I started using Typescript soon after the public announcement in october 2012. And I honestly thought they would have left Alpha status by now (september 2013). I’m frankly disappointed that they haven’t.
Is the “Alpha” status as bad as it sounds? What does this actually mean?
However – organisations who trust their compilers to “just work at all times, as with C#” should probably be careful before they start using Typescript until it reaches version 1.
It is very disappointing to hear open source library maintainers, who adopted Typescript for their library, say they strongly consider leaving Typescript because the number of problems they had with it. In this particular case it is a very large project, written for 0.8 to begin with, and then upgraded to 0.9, where the problems begun (as far as I understood it).
Why use Typescript in the first place?
Looking back I could have got these two things at a much lower “cost” with 1) a good habit using jslint and 2) adopting the commonly used revealing module pattern (or similar) (and getting used to a little boilerplate code).
The IDE part of the story, with solid language services inside Visual Studio, similar to C#, was only a very nice addition and nothing I looked for to begin with.

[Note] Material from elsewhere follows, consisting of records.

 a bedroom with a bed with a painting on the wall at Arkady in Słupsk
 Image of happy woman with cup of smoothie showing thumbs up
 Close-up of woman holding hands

What I like about using Typescript
* Classes and modules to structure my code
* Catching type errors
* Intellisense for my own code
* Intellisense for external libraries (with the help of community produced definition files)
* Robust code navigation
* Code documentation intellisense, using jsdoc
* Mapping js to ts for debugging within actual typescript while running the code
Laymans questions: Why Generics? And why not using C#?
Also – creating a compiler with such advanced features as generics must be several times more complicated to accomplish with the half finished version of the language itself. I wonder why they did not, at least to begin with, write it with C# or C++?

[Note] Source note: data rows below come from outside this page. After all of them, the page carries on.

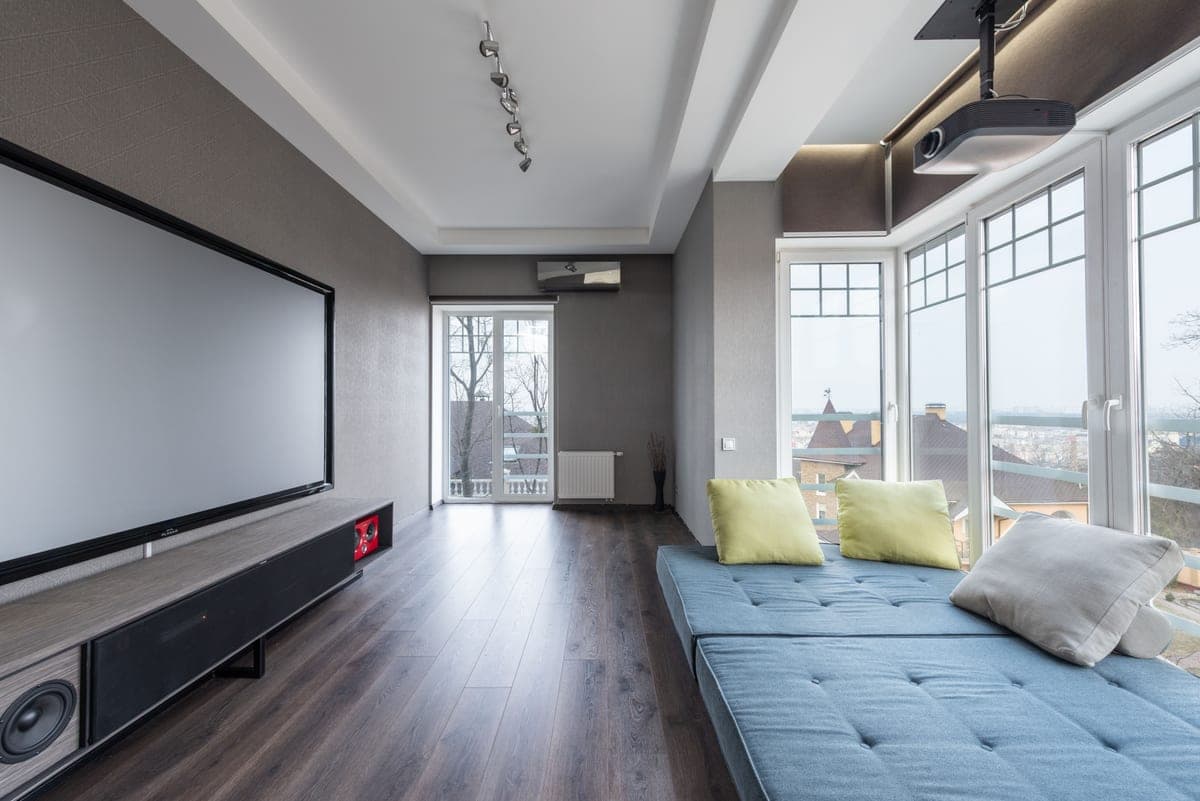 A very large television on a living room wall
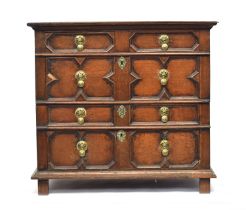 A Charles II joined oak chest of drawers, moulded top over two short and three long drawers with
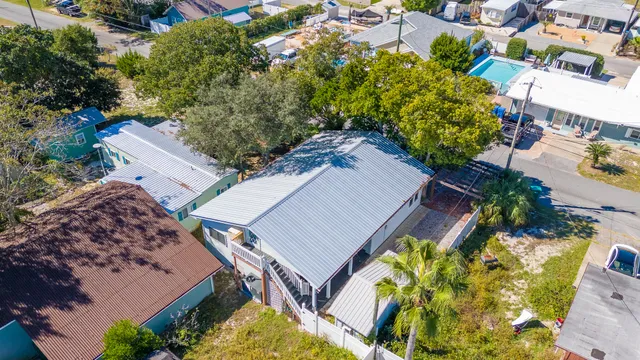 an aerial view of a house with a yard and garden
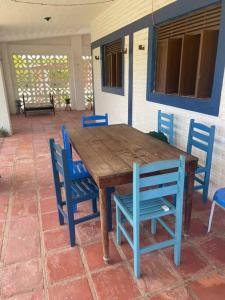 uma mesa de madeira e cadeiras azuis num pátio em Casa de praia em Muriú em Ceará-Mirim
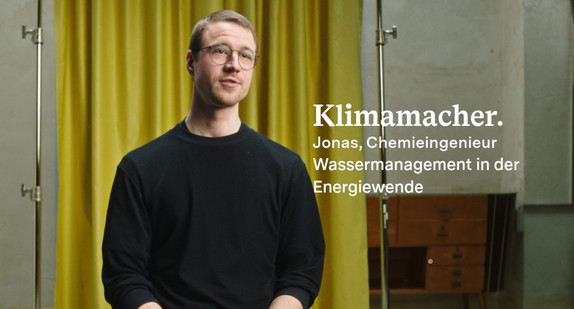 Jonas Ullmann schaut in die Kamera, im Hintergrund ist ein Vorhang zu sehen.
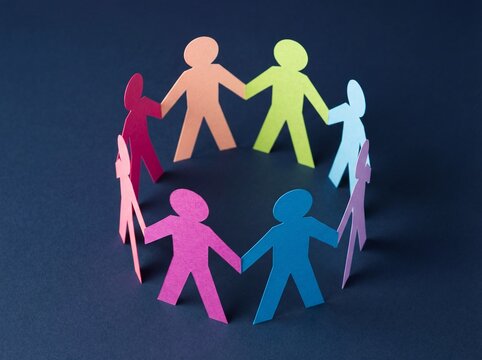 Colorful paper figures holding hands in a circle on dark blue background symbolizing diversity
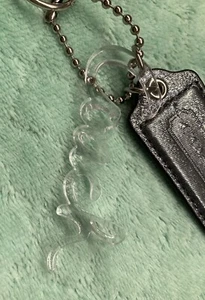 Coach Schlüsselanhänger Klar Kunststoff Kursiv Coach Metallic Leder Grau - Bild 1 von 4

Typescript is simply awesome for my productivity and my ability to produce reliable, maintainable code. I think Typescript, when it is finished, will be a great step forward for the web developer community, and in turn, for the quality and usability of the web itself.
So, it will be great – but I’m impatient. The compiler errors and the fact that the compiler is still Alpha today, 11 months after the first public announcement is surprising and a disappointment.
“Microsoft officials are saying TypeScript 1.0 will ship “later this year.””
I guess we just need to be patient a little while longer.